В моей любимой сцене в фильме «Застава Ильича» герой зовет отца посоветоваться, узнать у него, мудрого, погибшего на войне, о том, что ему делать дальше, как найти себя в изменившемся – очень странном – мире.
– Что надо делать?
– Жить.
– А как? Как?
– Сколько тебе лет?
– Двадцать три.
– А мне двадцать один. Ну как я могу тебе посоветовать?
Сартр знал, что отец не только не посоветовал, но сделал лучшее из всего, что только мог, – избавил сына от собственных советов.
Первое, что я увидела в Париже, как только там оказалась, – могилу Жан-Поля Сартра и Симоны де Бовуар. Я не искала ее целенаправленно, просто прогуливалась по кладбищу Монпарнас, потому что мы сняли крошечную квартиру неподалеку. Я не знала, что это их могила, когда подходила к ней, – думала о том, что могила очень красива, что она – нежная, в августовских лучах – напоминала солнечные пляжи на Лазурном берегу. Я долго стояла и смотрела на даты рождения и смерти.
Jean Paul SARTRE 1905–1980
Simone DE BEAUVOIR 1908–1986
Я знала, что эти шесть лет после смерти Сартра Симоне дались очень тяжело, она утратила не только друга, сообщника, соратника, родственную душу, единомышленника, любовь и страсть, она потеряла смысл жизни. В Париж я приехала с тогдашним парнем. Он подошел ко мне, смотрящей на могилу Сартра и Симоны де Бовуар, и спросил, кто такая Симона де Бовуар. Я рассказала ему. Мне стало тоскливо оттого, что в моей жизни никогда не было человека такой силы, такого родства и такого авторитета, чтобы вот так – вместе и на всю жизнь. Возможно, в ту часть жизни я была свободна, если верить самому Сартру, но нет – я была, скорее, одинока. И мне было не с кем поговорить и некому написать.
3 мая 2016 года
Майские праздники провожу в одиночестве и праздности. Не хватает разговора с человеком, хотя до праздников этих разговоров было очень много и все они мне казались ненужными, никчемными от отсутствия «результативности».

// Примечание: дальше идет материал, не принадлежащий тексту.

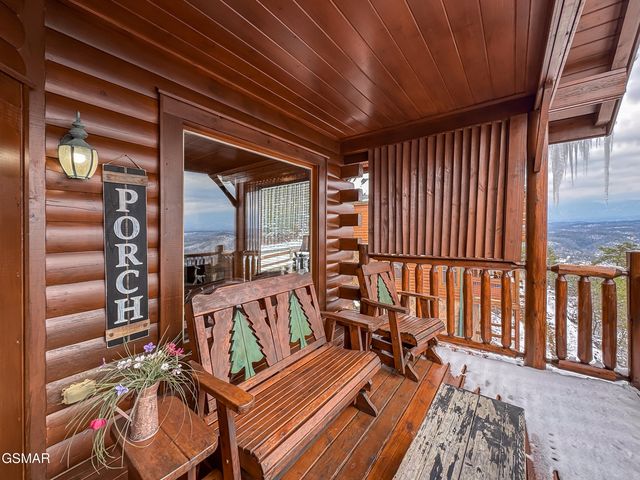 2517 Look Afar View Drive, Sevierville, TN 37876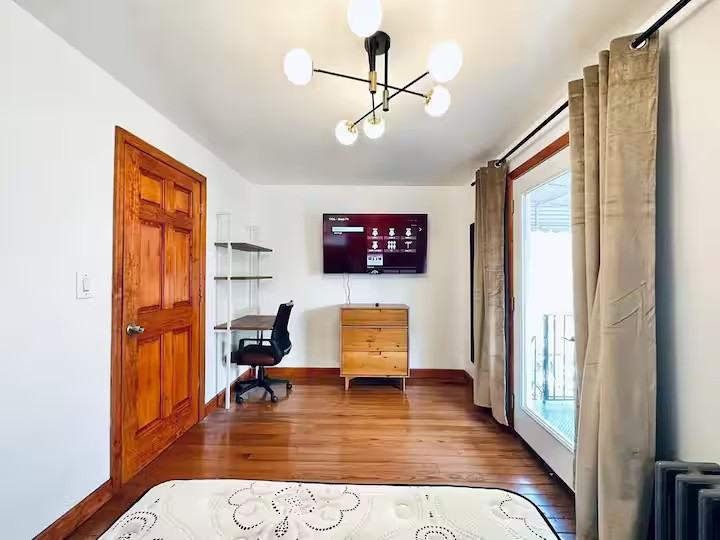 Private Bedroom in 4 Bedroom/2 Bathroom Home - Photo 6 of 9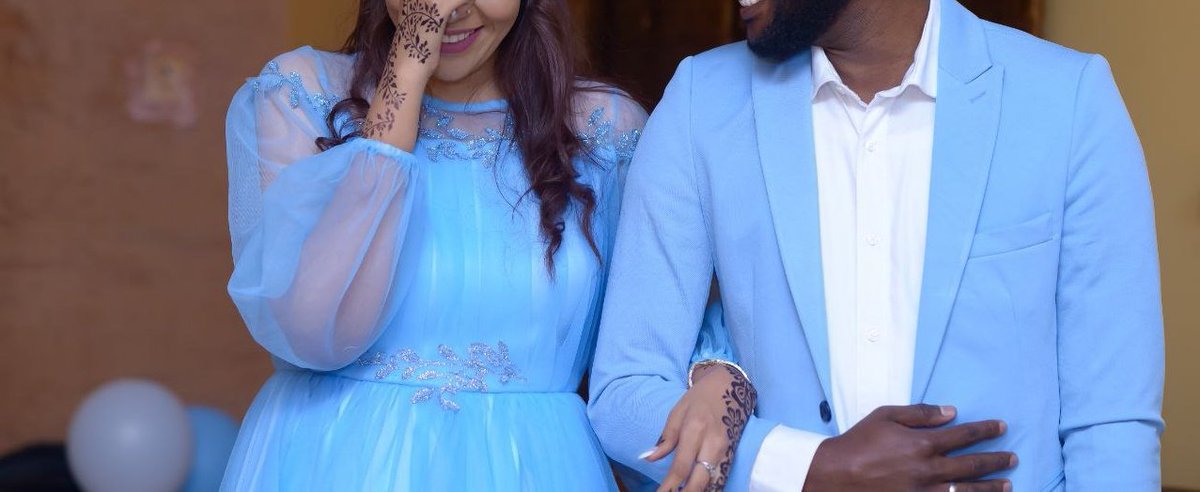 Laymonada97's tweet image. يشبه أن تركض العمر كله مذعورًا، ويصادفك في منتصف الطريق كهفٌ تستريح به من عناء المسافة 💜🦋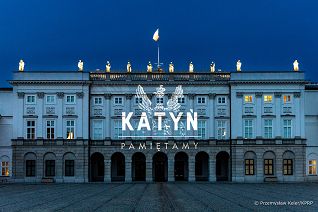 001_Iluminacja_Dzien_Pamieci_Ofiar_Zbrodni_Katynskiej_20240413_PK1_6359.jpg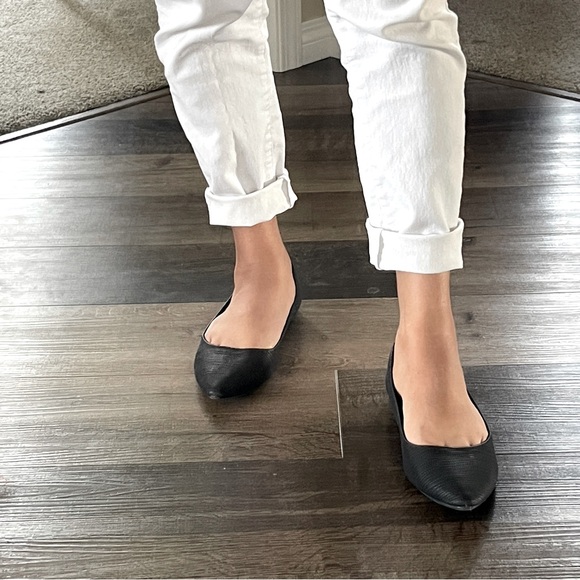 Christian Siriano for Payless Black Textured Flats Size 8 1/2 - Picture 3 of 10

Читаю «Записные книжки» Лидии Гинзбург. Не знаю, с чего вдруг их открыла. Наткнулась на фразу: «Олейников говорит, что Маршак – поэт для взрослых, которые думают, что он поэт для детей». Вспомнила о тебе. Вспомнила о том, что Маршак – мой первый поэт. Стащила его потрепанный сборник (огрызок собрания сочинений) из твоей огромной библиотеки. Читала перед сном, укрывшись одеялом. Он – мое первое ночное чтение, запрещенное, потому что к восьми мне, трехлетней, нужно бежать в детский сад. Но ни ты, ни мама за этим не следили. Помню мое счастье от открытия – он, такой родной, близкий, такой мой, пишет о простых вещах, открывает мне, что хорошо, что плохо, при помощи интонации дарует «солнце». «Мальчику полнеба подарили…» – как в стихотворении у Бориса Рыжего.
Прихожу в детский сад.
– Чем вчера занималась? – спрашивает воспитательница, обдавая резким ароматом каких-то дешевых – советских – духов.
– Читала книгу.
– Надо же! Какую? – улыбается ярко-красными губами.

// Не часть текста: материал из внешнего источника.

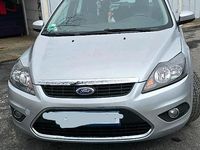 Gebraucht Ford Focus 115 PS (84 kW) 2009 Grau Limousine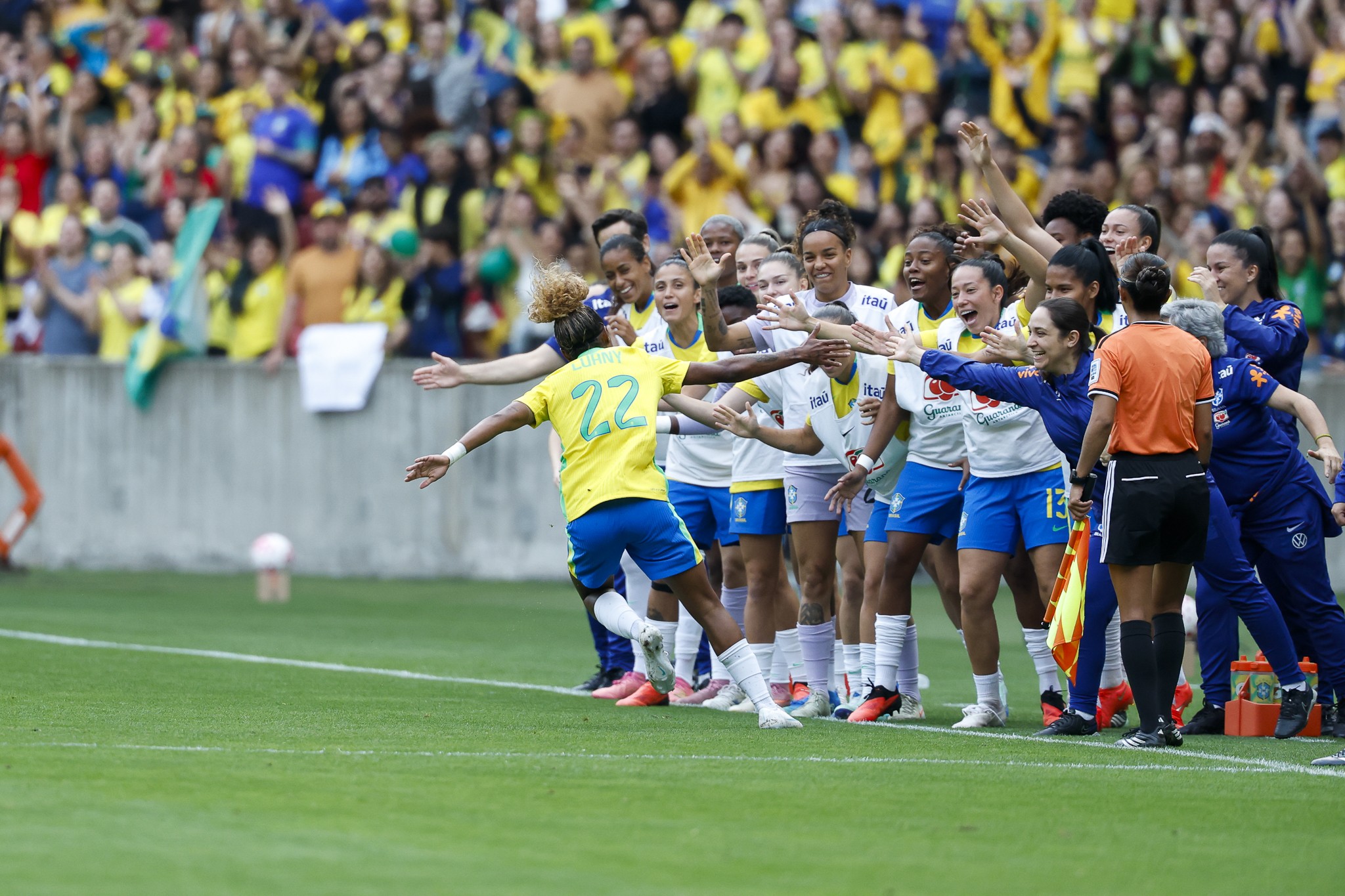 Com 1º tempo de luxo, seleção feminina vence Argentina em mais um teste para a Copa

– Самуила Маршака! – гордо отвечаю, поправляя лямки комбинезона.
– Как можно? Он же еврей! – сквозь ярко-красные губы проглядывают желтые зубы. Ее лицо расплывается, мое дыхание останавливается. Пробую вздохнуть – натыкаюсь на неприятный запах из ее рта, перемешанный с ароматом духов. – Что с тобой, деточка? Тебе плохо?
Выбегаю на улицу, еле сдерживая слезы. «Как можно? Он же еврей!» Не понимаю, что такое еврей, но чувствую, что что-то плохое. Еще впервые в жизни ощущаю нечто, что потом назвала бы ненавистью – к тому, кто оскорбляет любимое, почти святое. Оскорбляет, не желая оскорбить.
Догоняет на улице.
– Немедленно вернись в спальню, сейчас будет тихий час.
Возвращаюсь. Забираюсь на верхний ярус кровати. Дрожат руки и потеют ладони. Не сплю.
На полдник дали апельсин. Бросаю его из ладошки в ладошку. Падает. Поднимаю с пола. Бросаю снова. Наконец появляешься ты. В демисезонном пальто, в шляпе. Кидаюсь к тебе. Прижимаюсь лицом. Запах твоего – родного – одеколона.
– Она себя странно ведет сегодня целый день, не знаю, что с ней случилось, – улыбается тебе воспитательница. Ты вопросительно и дружелюбно улыбаешься в ответ. На улице – по дороге домой – мне:
– Что случилось?
– Маршак – еврей? – спрашиваю, хмуря брови.
– Еврей, – спокойно отвечаешь ты, гладя меня по голове. Выдираю свою косичку из твоих рук.
– Еврей, значит?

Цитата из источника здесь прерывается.